Almeno due film e altrettanti libri sono stati dedicati ad Artemisia Gentileschi, pittrice. Figlia d’arte, Artemisia nasce a Roma nel 1593 e grazie al padre impara, così come i fratelli, a disegnare e dipingere. Frequenta l’ambiente artistico romano del tempo, ancora totalmente assoggettato allo sconvolgimento provocato da Michelangelo da Caravaggio, e ne diventa parte. Dotata di inequivocabile talento, riesce ad affermarsi artisticamente nel corso di una vita ricca di spostamenti e incontri importanti. Della sua vita si ricorda spesso l’evento più violento, anche grazie alla precisa documentazione rimasta: il controverso stupro subito da parte dell’amico pittore del padre, Agostino Tassi; evento che secondo i critici non manca di avere rimandi frequenti sulle tele di Artemisia. Ma dopo questo evento la Gentileschi si emancipa e diventa una delle donne più indipendenti del suo tempo; nel corso degli anni si sposta a Firenze, Venezia, Londra e Napoli, dove muore nel 1653.

Un’esposizione ne vuole ripercorrere la parabola artistica; ce ne parla la professoressa Francesca Badassarri, curatrice della sezione fiorentina della mostra Artemisia Gentileschi e il suo tempo.

Come potremmo descrivere il tempo di Artemisia Gentileschi?

«Roberto Longhi, critico d’arte seicentesca nel 1919 scriveva: “Artemisia è l’unica donna in Italia che abbia mai saputo cosa sia pittura, colore, impasto”. Lei è una donna eccezionale perché, come dimostra questa mostra, nel contesto in cui viene a operare cambia pelle, diventa camaleontica. Quando è a bottega col il padre dipinge alla maniera di Orazio Gentileschi, ci sono due opere in mostra che l’attestano. Nel momento in cui, in seguito allo stupro nel 1613, arriva a Firenze, intreccia rapporti con tutti i pittori locali, quindi abbiamo raccolto le sue opere di quel periodo così come quelle di Cristoforo Allori che è stato uno dei pittori più importanti del ‘600 fiorentino, l’inventore della poetica degli affetti che insegna ad Artemisia a dare rilevanza e accentuare i sentimenti, fino quasi a sembrare un’altra pittrice. Quando va a Roma diventa amica di Simon Vouet e quindi nei suoi ritratti lo riprende e si ispira ancora a Caravaggio; nel momento in cui va a Napoli c’è un rapporto diretto coi pittori napoletani dei quali lei si serve e che l’aiutano. La mostra ha la particolarità di presentare opere della pittrice e insieme opere dei pittori che sono venuti in contatto con lei e verso i quali c’è stato un rapporto di scambio reciproco».
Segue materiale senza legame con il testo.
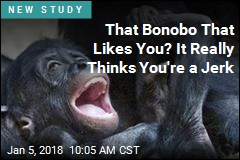 That Bonobo That Likes You? It Really Thinks You&#39;re a Jerk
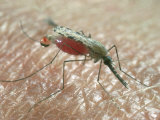 Mosquito Photographic Print by Alastair Macewen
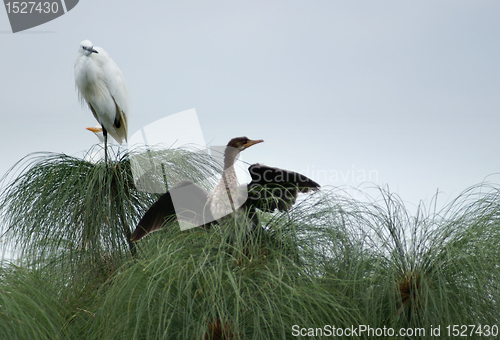 Image of little Egret and Cormorant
È un’eccezione la notorietà artistica di Artemisia Gentileschi?

«Non ci sono altri esempi, soprattutto nel passato. Nel ‘600 per diventare pittrici bisognava essere figli d’arte, questo è il suo caso, il caso di Lavinia Fontana, di Elisabetta Sirani e poche altre, ma era molto difficile che si potesse diventare pittrici senza un padre che insegnasse a dipingere. La sua famiglia è già un’eccezione, ma relativa; la vera eccezione è che il padre, Orazio Gentileschi, avesse quattro figli, tre figli maschi che a loro volta dipingevano e che però non sono passati alla storia, mentre Artemisia si. Vuol dire che anche il padre un certo talento deve averglielo riconosciuto. Nel momento in cui arriva a Firenze è la prima donna ad essere ammessa all’Accademia del disegno, un’associazione di pittori fondata nel 1546 da Giorgio Vasari. Non sarebbe mai stata ammessa se non per evidenti capacità, un segno fondamentale che dimostra che a lei vengono riconosciute doti che ad altre non vengono riservate.

Poi ha dei committenti di prim’ordine: quando arriva a Roma ha una corrispondenza con Graziano del Pozzo, addirittura con Galileo Galilei; tutte le commissioni di Artemisia sono attestati di fiducia e di stima».

Viene riconosciuta come una pittrice caravaggesca, ma quale sono le sue peculiarità?

«Il padre è senz’altro un pittore caravaggesco, del primo Caravaggio. Ma non dimentichiamo che Orazio Gentileschi è nato a Pisa che, come Firenze è la città del disegno. Non si poteva prescindere dal disegno.

Una novità della mostra è la presenza del primo disegno, un autoritratto attestato ad Artemisia, cosa che i pittori caravaggeschi non avrebbero fatto perché non disegnano, dipingono direttamente sulla tela. Lei invece lo fa, quindi possiamo affermare che aveva una formazione di tipo toscano.

La fase più caravaggesca è quella napoletana perché li Caravaggio lascia un segno incredibile: anche se non aveva allievi sono tanti quelli che lo seguono e lo imitano».

Quali sono i temi principali delle opere di Artemisia?

«Ci sono molte figure femminili ma anche temi tipici delle correnti principali dell’epoca: conosciamo tre versioni della Giuditta, quella che viene da Palazzo Pitti, quella di Capodimonte e quella dagli Uffizi. Però, mentre in quella di palazzo Pitti Artemisia non inventa la novità iconografica delle due ancelle che sconfiggono l’uomo, in quelle di Capodimonte e degli Uffizi, per la prima volta rispetto alla stessa versione di Caravaggio, l’ancella aiuta a sconfiggere Oloferne».

La figura di Artemisia è ancora un simbolo di indipendenza femminile?

«Noi vorremmo tutte donne coraggiose come lei, che fanno delle proprie esperienze negative dei punti di forza e di riscatto. Perché la sua è proprio questo: una storia importante di riscatto e di autodeterminazione. Molte donne non riuscirebbero a superare una violenza del genere, Artemisia la supera alla grande. Ogni donna vorrebbe, innanzitutto non essere stuprata, poi casomai lo fosse, reagire in questo modo. Io credo che poi Artemisia si sia completamente dimenticata di Agostino Tassi; ha avuto molti amanti riconosciuti, il marito stesso è andato via da Firenze dopo aver subito i tradimenti di Artemisia, un marito che accetta il tradimento, praticamente un amico. Lei è stata una donna, se vogliamo, femminista ante litteram: l’utero era suo e se lo gestiva lei. Questo è quello che ha fatto: è stata una donna libera come nel ‘600 non si poteva neanche immaginare».